I'd like to get an expert opinion on the location of what appears to be a gap between two bricks on the first course of brick on the footer row just above the ground (see photo). The masons are about half-way in bricking tmy new home. When I went to look at their work the other day, this small section of wall on the front of the house with a double window does have some weep holes just above the second row of bricks, but what is this gap on the first row (that I've circled in red)? It looks out of place to me, but perhaps there's a purpose for it? The 3 other walls around the house don't seem to have this (just the usual weep holes on the third row above grade), but is it maybe just an oversight? But overall, their work looks great, and perhaps I'm just jumping the gun and should just pay attention to the final product because they aren't finished yet? Any idea would be greatly appreciated.


----------



## cleveman (Dec 17, 2011)

I have an older Kubota tractor with weep holes on the bottom of the headlight mounts. 

They are not three courses up on the headlight mounts, but on the bottom.


----------



## jomama45 (Nov 13, 2008)

The weeps are best suited at the same level as the through-wall flashing, which, hopefully, on on top of the second course. Not sure what the logic is for the open join on the first course is, but by simply asking them, I'll bet we'll have a better idea......... :thumbsup:


----------



## segal (Mar 2, 2012)

jomama45 said:


> The weeps are best suited at the same level as the through-wall flashing, which, hopefully, on on top of the second course. Not sure what the logic is for the open join on the first course is, but by simply asking them, I'll bet we'll have a better idea......... :thumbsup:


Yes, I remember seeing the through-wall flashing and the weeps (all of them but this void) are at the same level. Once their finished bricking, I'll ask about that void at the bottom row, but it would seem to me that it isn't serving a purpose if the flashing is above it. I won't worry about it, but we'll just ask once their finished. I did point it out to the builder's sales manager who was escorting me through the home the other day, but he didn't know. He was familiar with the weep holes as he pointed them out to me before I asked even, but this one just isn't consistant with all the rest. Thanks for your response


----------



## psydoc (Mar 22, 2012)

I was a residential general contractor for 40+ years, and that does not look correct for weep holes. The weep hole goes at the lowest point of the wall, under the first course of brick, just on top of the brick ledge (as long as the lowest course of brick is above grade). That looks to me as though the brick layers failed to space the last few bricks on that course with small enough mortar joints and wound up with a spacing problem. The gap is not wide enough to accept mortar. This may pass code in your area, but not mine. It leaves an infiltration gap for both water and insects.

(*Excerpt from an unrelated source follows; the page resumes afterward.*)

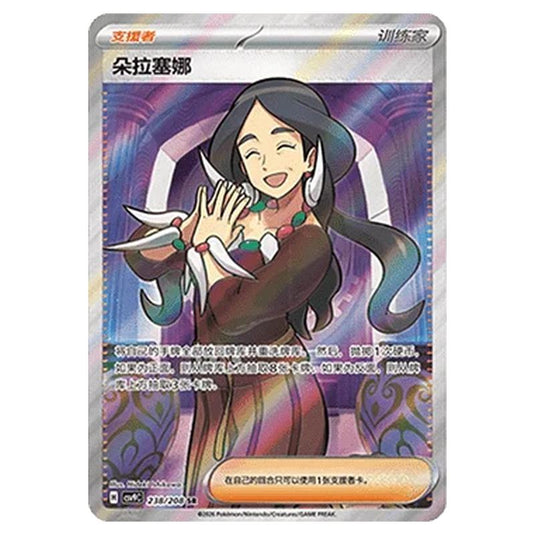 Pokemon - CSV9: Stellar Crystal - Drasna - 001/208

That being said, I have seen some brick layers leave a small gap in the first course mortar joint, but personally, I do not like the appearance. The gap on the third course is curious. In order to provide better air circulation, and therefore reduce the chance of mold, the upper gap should be under the window lintel (the highest point possible). Even that should not be necessary on full height walls as the top course is usually above the soffit return, open to the attic.

The attachment is an image of the correct procedure for installing a brick veneer.


----------



## segal (Mar 2, 2012)

Psydoc,
Thanks for that well-stated post! But to address some things- With regards to those weep holes on the third course, they are just above grading. This house sits on a slab, and the third row is installed at the same level with the through-flashing just below the floor sill. What you said about the "spacing issue" on the first row makes sense- just not enough gap to stick mortar in there I. However, that first row is now hidden in the ground after dirt was brought in, but I wanted to address something you said about water and insect infiltration and something about passing code. 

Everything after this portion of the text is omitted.